The citizens should have taken to the streets when Citizens United was passed into law. But we didn’t. Citizens United, in brief, changed the status of corporations to people, allowing them to donate money to political campaigns and deeply influence the politics of the country.

The problem is, corporations aren’t people. They don’t act in the interests of the people, they act in the interests of corporations. So if our current laws and policies reflect little to negative concern for the wellbeing of actual human beings, that’s why. The laws weren’t passed for our benefit.

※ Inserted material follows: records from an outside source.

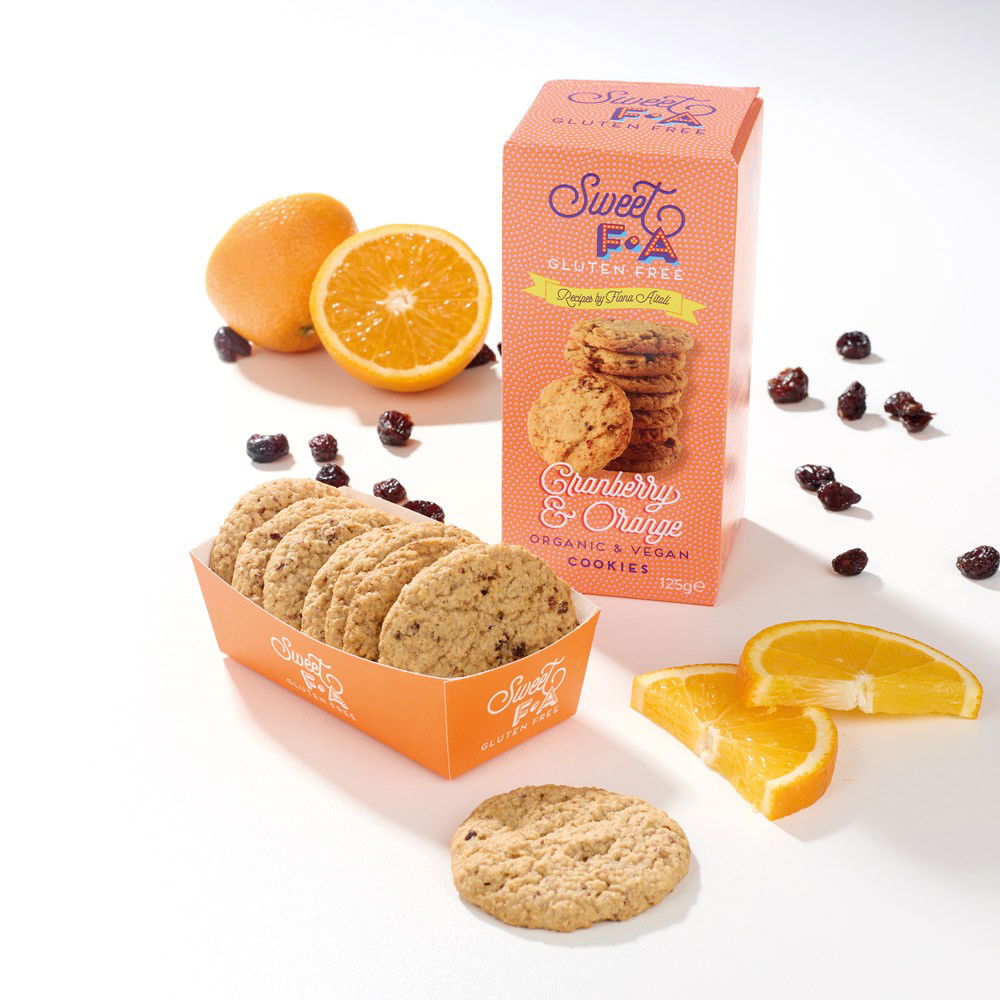 Island Bakery Cranberry-Orange Cookies Bio, vegan von Island Bakery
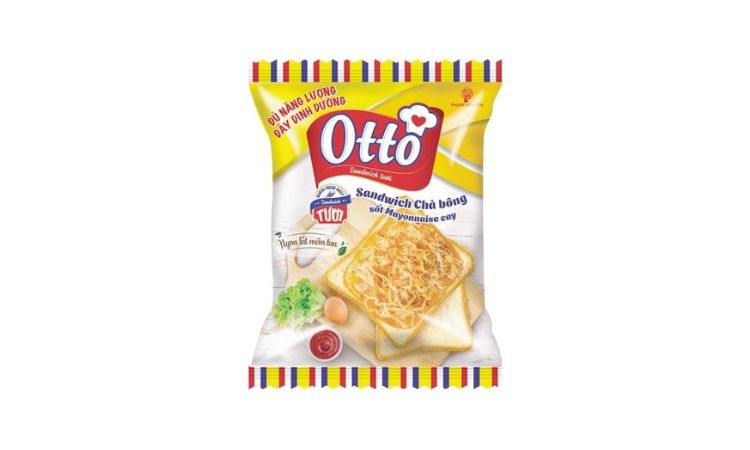 Bánh chà bông ăn liền sốt mayonnaise Otto
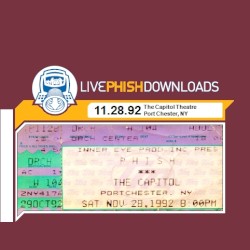 1992-11-28: The Capitol Theatre, Port Chester, NY, USA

Voter suppression has always been a problem in this country, as certain groups strive to maintain power by excluding others from the political table. However, there are individuals and organizations that are deeply committed to preventing people of color, poor people, and liberals from voting. Here are just a few of the techniques deployed during the 2016 election:

  • Using a voting software program called CrossCheck, allegedly to prevent voter fraud, but in reality designed to throw qualified voters off the rolls when said voters tend to be in the undesired categories. Twenty-eight states used CrossCheck in 2016, throwing literally hundreds of thousands of registered voters off the rolls. Most of these voters were people of color, poor, young (likely to be liberal), or liberal.
  • Voter caging—requiring voters to verify their mailing addresses by sending them small postcards covered with tiny type that often are overlooked as junk mail. Failure to respond resulted in being eliminated from the rolls. These postcards, need I say, were mailed to communities whose residents are poor and/or minority.
  • Voter ID laws—requiring a state-issued ID to vote, which disadvantages poor people in particular as it requires them to travel to the DMV and pay for the ID.
  • Gerrymandering—this is an old (the term was first used in 1812) but successful technique that involves drawing up voting districts that concentrate conservative voters across as many districts as possible to create a conservative majority. (It could work both ways, but it’s mostly Republicans who do this.)
  • Mailing false voting information. Postcards with incorrect information on when and where to vote are mailed into districts with minority populations.
  • Poll closures. Polling places are strategically shut down or closed early in —you guessed it­—poor and minority neighborhoods.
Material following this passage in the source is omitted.